Segment Open
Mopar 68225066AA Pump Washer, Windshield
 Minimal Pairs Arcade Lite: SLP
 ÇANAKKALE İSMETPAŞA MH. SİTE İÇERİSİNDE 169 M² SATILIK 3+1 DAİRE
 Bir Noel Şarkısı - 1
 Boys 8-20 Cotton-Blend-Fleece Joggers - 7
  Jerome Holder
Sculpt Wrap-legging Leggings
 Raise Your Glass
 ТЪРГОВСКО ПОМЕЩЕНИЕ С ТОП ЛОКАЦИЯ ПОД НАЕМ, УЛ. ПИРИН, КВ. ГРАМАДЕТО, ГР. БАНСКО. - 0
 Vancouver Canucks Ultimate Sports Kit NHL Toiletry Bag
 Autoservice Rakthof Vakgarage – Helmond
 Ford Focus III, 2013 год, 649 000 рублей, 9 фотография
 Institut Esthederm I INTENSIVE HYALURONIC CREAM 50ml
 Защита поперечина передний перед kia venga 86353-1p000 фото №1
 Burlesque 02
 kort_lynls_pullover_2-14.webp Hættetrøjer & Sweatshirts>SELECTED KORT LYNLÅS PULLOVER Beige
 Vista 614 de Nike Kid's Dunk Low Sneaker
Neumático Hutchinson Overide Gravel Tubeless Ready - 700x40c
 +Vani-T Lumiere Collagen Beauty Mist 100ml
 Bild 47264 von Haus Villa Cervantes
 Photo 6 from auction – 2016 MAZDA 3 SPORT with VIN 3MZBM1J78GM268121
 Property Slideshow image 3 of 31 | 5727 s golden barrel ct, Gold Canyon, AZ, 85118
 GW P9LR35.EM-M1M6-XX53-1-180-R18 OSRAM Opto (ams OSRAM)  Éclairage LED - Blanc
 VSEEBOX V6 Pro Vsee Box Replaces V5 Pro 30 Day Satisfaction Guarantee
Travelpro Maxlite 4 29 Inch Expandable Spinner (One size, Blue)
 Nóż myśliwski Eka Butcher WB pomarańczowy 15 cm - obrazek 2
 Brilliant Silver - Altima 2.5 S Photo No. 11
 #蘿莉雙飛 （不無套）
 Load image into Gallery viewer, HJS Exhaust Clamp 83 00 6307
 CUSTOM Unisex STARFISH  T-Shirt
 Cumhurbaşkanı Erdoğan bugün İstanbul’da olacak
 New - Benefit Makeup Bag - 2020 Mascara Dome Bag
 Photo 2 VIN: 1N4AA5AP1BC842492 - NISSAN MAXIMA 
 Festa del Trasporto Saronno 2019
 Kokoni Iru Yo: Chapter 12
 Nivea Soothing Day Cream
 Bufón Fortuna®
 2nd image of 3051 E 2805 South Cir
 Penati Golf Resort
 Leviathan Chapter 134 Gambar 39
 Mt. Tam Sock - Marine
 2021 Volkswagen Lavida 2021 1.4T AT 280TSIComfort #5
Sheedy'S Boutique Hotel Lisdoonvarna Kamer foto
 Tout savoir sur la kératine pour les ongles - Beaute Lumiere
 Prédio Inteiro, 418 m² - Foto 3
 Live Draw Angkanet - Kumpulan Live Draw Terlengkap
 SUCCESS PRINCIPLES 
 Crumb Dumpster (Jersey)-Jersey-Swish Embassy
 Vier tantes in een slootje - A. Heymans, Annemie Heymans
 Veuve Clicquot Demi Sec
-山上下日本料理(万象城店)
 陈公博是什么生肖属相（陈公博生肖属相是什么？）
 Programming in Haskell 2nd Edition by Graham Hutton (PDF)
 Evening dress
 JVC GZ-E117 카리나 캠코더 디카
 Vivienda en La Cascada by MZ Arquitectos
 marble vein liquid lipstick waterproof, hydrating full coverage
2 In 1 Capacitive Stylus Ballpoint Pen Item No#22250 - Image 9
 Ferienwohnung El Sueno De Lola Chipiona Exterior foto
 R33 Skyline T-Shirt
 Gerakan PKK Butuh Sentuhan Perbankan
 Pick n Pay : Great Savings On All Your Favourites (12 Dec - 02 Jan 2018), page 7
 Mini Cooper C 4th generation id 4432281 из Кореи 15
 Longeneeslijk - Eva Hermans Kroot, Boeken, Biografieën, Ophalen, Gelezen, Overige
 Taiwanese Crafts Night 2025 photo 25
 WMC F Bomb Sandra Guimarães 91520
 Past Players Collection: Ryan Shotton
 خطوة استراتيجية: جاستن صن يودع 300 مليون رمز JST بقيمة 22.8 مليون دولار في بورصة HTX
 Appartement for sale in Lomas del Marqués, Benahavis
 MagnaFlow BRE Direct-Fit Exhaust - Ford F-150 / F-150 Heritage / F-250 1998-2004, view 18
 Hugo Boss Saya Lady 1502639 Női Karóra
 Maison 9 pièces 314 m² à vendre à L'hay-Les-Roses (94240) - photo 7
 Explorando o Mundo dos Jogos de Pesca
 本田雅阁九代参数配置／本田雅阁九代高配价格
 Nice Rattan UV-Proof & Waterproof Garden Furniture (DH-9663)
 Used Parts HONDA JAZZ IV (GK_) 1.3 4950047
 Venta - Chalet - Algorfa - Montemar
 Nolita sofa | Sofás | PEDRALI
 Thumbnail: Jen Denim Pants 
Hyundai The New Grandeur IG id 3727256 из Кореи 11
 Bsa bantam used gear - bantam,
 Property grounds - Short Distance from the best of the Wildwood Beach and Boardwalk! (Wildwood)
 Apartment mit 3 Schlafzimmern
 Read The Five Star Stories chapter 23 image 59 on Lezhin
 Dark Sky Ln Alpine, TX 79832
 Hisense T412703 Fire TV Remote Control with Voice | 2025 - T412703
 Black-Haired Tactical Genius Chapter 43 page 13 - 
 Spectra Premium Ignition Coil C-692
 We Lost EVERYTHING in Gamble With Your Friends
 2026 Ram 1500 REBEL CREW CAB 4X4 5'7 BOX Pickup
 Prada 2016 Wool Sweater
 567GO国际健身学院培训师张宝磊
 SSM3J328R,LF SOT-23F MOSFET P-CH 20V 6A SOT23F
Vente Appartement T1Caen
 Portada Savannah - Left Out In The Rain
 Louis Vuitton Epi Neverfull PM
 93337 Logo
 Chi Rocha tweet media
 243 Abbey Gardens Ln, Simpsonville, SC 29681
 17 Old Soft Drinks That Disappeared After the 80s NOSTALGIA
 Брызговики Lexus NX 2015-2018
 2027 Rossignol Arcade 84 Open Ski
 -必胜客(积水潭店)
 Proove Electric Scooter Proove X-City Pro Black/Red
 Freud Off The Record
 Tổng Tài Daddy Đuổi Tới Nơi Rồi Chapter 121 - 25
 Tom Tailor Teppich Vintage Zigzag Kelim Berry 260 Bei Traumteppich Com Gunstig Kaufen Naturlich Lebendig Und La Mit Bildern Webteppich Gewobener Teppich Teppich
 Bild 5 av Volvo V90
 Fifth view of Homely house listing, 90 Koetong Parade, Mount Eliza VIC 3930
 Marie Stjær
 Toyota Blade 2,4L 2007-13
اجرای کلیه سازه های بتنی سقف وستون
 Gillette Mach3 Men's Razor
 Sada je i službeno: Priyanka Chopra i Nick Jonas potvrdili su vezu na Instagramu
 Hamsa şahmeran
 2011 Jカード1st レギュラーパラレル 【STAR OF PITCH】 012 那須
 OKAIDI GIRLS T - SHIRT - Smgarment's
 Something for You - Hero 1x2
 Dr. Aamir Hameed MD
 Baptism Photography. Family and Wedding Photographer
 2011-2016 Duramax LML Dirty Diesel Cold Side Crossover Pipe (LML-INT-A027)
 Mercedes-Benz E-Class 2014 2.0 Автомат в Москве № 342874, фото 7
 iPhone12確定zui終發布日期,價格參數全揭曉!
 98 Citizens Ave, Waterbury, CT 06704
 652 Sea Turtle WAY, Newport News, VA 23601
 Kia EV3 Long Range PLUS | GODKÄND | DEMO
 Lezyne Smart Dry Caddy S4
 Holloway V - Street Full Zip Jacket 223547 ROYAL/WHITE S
Segment Closed
Exercise goal >> Copy out every line of the data in which the word "Property" is found.

Exercise output >>
 Property Slideshow image 3 of 31 | 5727 s golden barrel ct, Gold Canyon, AZ, 85118
 Property grounds - Short Distance from the best of the Wildwood Beach and Boardwalk! (Wildwood)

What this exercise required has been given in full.